There is a myriad of ways in which your e-mail can end up in the hands of cybercriminals or other shady elements whose purpose is to make money at your expense in one way or another. Here you can read about some of the more common ones.

Examples

Software bots that collect emails from the web

The usage of email harvesting via software bots has been one of the more common methods of email harvesting in recent years. Like less sophisticated versions of Google’s search spiders, the bots scan web sites, forums etc. automatically in search of email addresses. Once the harvest bots have collected the mail addresses of one site they move on to the next. Depending on how advanced the software is up to thousands of email addresses can be harvested per day. The keyword here is quantity over quality, which goes hand in hand with the purpose of the harvesting in the first place: spam, phishing or using the list as a commodity.
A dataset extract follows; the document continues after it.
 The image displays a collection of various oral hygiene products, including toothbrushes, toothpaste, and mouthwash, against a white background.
How to protect yourself:  The only way of protecting on self from this type of email harvesting is to either refrain from writing e-mail addresses in the open on the web altogether or by typing them in a way so that a computer won’t be able to understand that is an e-mail address, e.g. john.doe(at)example.com. In this case the “@” is written in letters (at) and hence a computer will not be able to understand that it’s “reading” an email address.
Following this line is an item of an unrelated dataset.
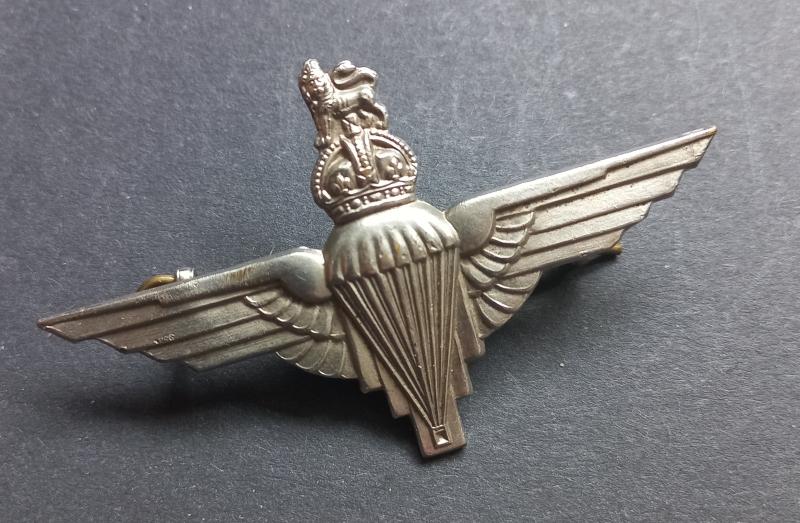A attractive  - standard wartime issued - capbadge to the Parachute Regiment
Your email has been a part of a insider leak

News about employees leaking or selling their companies customer data is fairly common. One of the most reascent cases that made the news involved an incident where an employee at Amazon had leaked customer email addresses to a third party. The motive for employees leaking data of course differs. In some cases, it can be for financial gain and in others out of spite. However, in many cases there is no motive at all. It simply comes down to human error. Unfortunately, the motives behind the leaking of data is only superficially relevant for the people who get their data leaked since it has the same risk of ending up in the hands of people with malice intent.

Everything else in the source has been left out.